Personal information
- Born: 2 June 1938 (age 88)

Chess career
- Country: Switzerland
- Title: FIDE Master (1983)
- Peak rating: 2400 (May 1974)

= Rolf Roth =

Swiss chess player (born 1938)

Rolf Roth (born 2 June 1938) is a Swiss chess FIDE Master (FM) and a Clare Benedict Cup and Mitropa Cup medalist (1964, 1976).

==Biography==
In the 1960s and 1970s, Rolf Roth was one of the leading Swiss chess players. He often participated in Swiss Chess Championships and local chess tournaments. In 1966, in The Hague, Rolf Roth participated in the World Chess Championship European Zonal Tournament, in which he ranked 13th, beating grandmasters Lubomir Kavalek and Helmut Pfleger.

Rolf Roth played for Switzerland in the Chess Olympiads:
- In 1962, at the third board in the 15th Chess Olympiad in Varna (+7, =3, -7),
- In 1964, at the first reserve board in the 16th Chess Olympiad in Tel Aviv (+2, =7, -1),
- In 1966, at the fourth board in the 17th Chess Olympiad in Havana (+3, =3, -3).

Rolf Roth played for Switzerland in the European Team Chess Championship preliminaries:
- In 1961, at the seventh board in the 2nd European Team Chess Championship preliminaries (+1, =0, -1).

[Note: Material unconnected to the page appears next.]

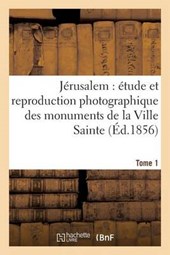 Jerusalem Etude Et Reproduction Photographique Des Monuments de La Ville Sainte, Tome 1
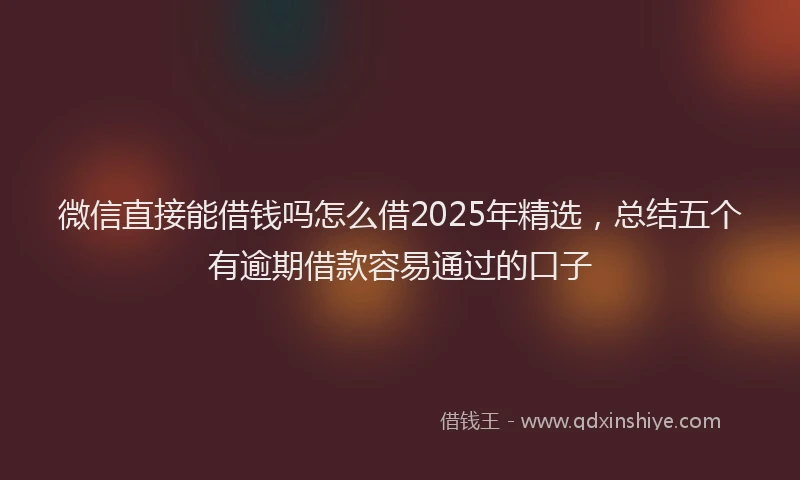 微信直接能借钱吗怎么借2025年精选，总结五个有逾期借款容易通过的口子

Rolf Roth played for Switzerland in the Men's Chess Mitropa Cup:
- In 1976, at the fourth board in the 1st Chess Mitropa Cup in Innsbruck (+0, =2, -1), winning a team silver medal.

Rolf Roth played for Switzerland in the Clare Benedict Cup:
- In 1964, at the reserve board in the 11th Clare Benedict Cup in Lenzerheide (+2, =2, -0), winning an individual gold medal.